We will use version 2.8.0 of Kafka. As we’ve done in the article ZIO Kafka: A Practical Streaming Tutorial, we will start the Kafka broker using a Docker container, declared through a docker-compose.yml file:

version: "2"
services:
  zookeeper:
    image: confluentinc/cp-zookeeper:6.2.0
    hostname: zookeeper
    container_name: zookeeper
    ports:
      - "2181:2181"
    environment:
      ZOOKEEPER_CLIENT_PORT: 2181
      ZOOKEEPER_TICK_TIME: 2000

  kafka:
    image: confluentinc/cp-kafka:6.2.0
    hostname: broker
    container_name: broker
    depends_on:
      - zookeeper
    ports:
      - "29092:29092"
      - "9092:9092"
      - "9101:9101"
    environment:
      KAFKA_BROKER_ID: 1
      KAFKA_ZOOKEEPER_CONNECT: "zookeeper:2181"
      KAFKA_LISTENER_SECURITY_PROTOCOL_MAP: PLAINTEXT:PLAINTEXT,PLAINTEXT_HOST:PLAINTEXT
      KAFKA_ADVERTISED_LISTENERS: PLAINTEXT://kafka:29092,PLAINTEXT_HOST://localhost:9092
      KAFKA_OFFSETS_TOPIC_REPLICATION_FACTOR: 1
      KAFKA_TRANSACTION_STATE_LOG_MIN_ISR: 1
      KAFKA_TRANSACTION_STATE_LOG_REPLICATION_FACTOR: 1
      KAFKA_GROUP_INITIAL_REBALANCE_DELAY_MS: 0
      KAFKA_JMX_PORT: 9101
      KAFKA_JMX_HOSTNAME: localhost

Please, refer to the above article for further details on starting the Kafka broker inside Docker.
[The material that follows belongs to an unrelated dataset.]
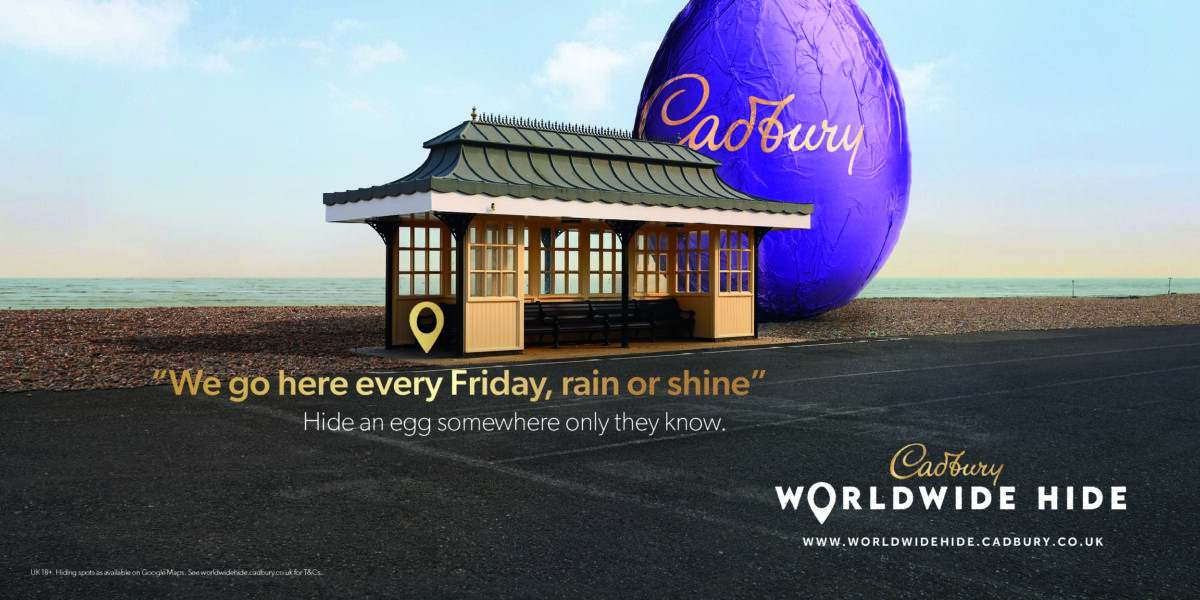 Cadbury Easter OOH. Cadbury puts spin on traditional Easter egg hunt by showcasing its online 'The Cadbury Worldwide Hide' platform through a series of OOH posters.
As usual, we need a use case to work with. We’ll try to model some functions concerning the management of orders in an e-commerce site. During the process, we will use the following types:

object Domain {
  type UserId = String
  type Profile = String
  type Product = String
  type OrderId = String

  case class Order(orderId: OrderId, user: UserId, products: List[Product], amount: Double)
  case class Discount(profile: Profile, amount: Double) // in percentage points
  case class Payment(orderId: OrderId, status: String)
}

To set up the application, we also need to create the Kafka topics we will use. In Scala, we represent the topics’ names as constants:

object Topics {
  final val OrdersByUserTopic = "orders-by-user"
  final val DiscountProfilesByUserTopic = "discount-profiles-by-user"
  final val DiscountsTopic = "discounts"
  final val OrdersTopic = "orders"
  final val PaymentsTopic = "payments"
  final val PaidOrdersTopic = "paid-orders"
}

To create such topics in the broker, we use directly the Kafka clients libraries contained in the Docker image:

kafka-topics \
  --bootstrap-server localhost:9092 \
  --topic orders-by-user \
  --create

kafka-topics \
  --bootstrap-server localhost:9092 \
  --topic discount-profiles-by-user \
  --create \
  --config "cleanup.policy=compact"

kafka-topics \
  --bootstrap-server localhost:9092 \
  --topic discounts \
  --create \
  --config "cleanup.policy=compact"

kafka-topics \
  --bootstrap-server localhost:9092 \
  --topic orders \
  --create

kafka-topics \
  --bootstrap-server localhost:9092 \
  --topic payments \
  --create

kafka-topics \
  --bootstrap-server localhost:9092 \
  --topic paid-orders \
  --create

As we can see, we defined some topics as compact. They are a particular type of topic, and we will introduce them deeper during the article.

Basics

As we said, the Kafka Streams library is a client library, and it manages streams of messages, reading them from topics and writing the results to different topics.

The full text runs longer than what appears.